We first divide network pruning methods into two categories. In a pruning pipeline, the target pruned model’s architecture can be determined by either a human (i.e.,predefined) or the pruning algorithm (i.e., automatic)


When a human predefines the target architecture, a common criterion is the ratio of channels to prune in each layer. For example, we may want to prune 50% channels in each layer of VGG. In this case, no matter which specific channels are pruned, the pruned target architecture remains the same,because the pruning algorithm only locally prunes the least important 50% channels in each layer. In practice, the ratio in each layer is usually selected through empirical studies or heuristics.

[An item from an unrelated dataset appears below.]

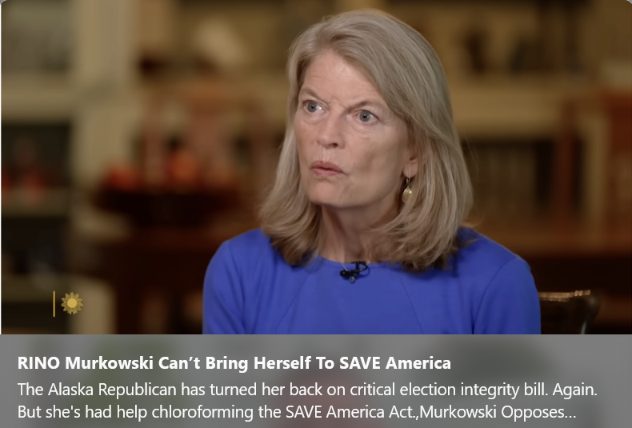 roaldc48's tweet photo. "Critics argue her opposition is driven by political motives, especially her disdain for Trump, who has endorsed her challenger."
https://t.co/Ihycy7QIra https://t.co/51TvzMmKHd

Examples of predefined structured pruning include Li et al. (2017), Luo et al. (2017), He et al. (2017b) and He
et al. (2018a) When the target architecture is automatically determined by a pruning algorithm, it is usually based on a pruning criterion that globally compares the importance of structures (e.g., channels) across layers. Examples of automatic structured pruning include Liu et al. (2017), Huang & Wang (2018),Molchanov et al. (2016) and Suau et al. (2018).


Unstructured pruning (Han et al., 2015; Molchanov et al., 2017; Louizos et al., 2018) also falls in the category of automatic methods, where the positions of pruned weights are determined by the training process and the pruning algorithm, and it is usually not possible to predefine the positions of zeros before training starts.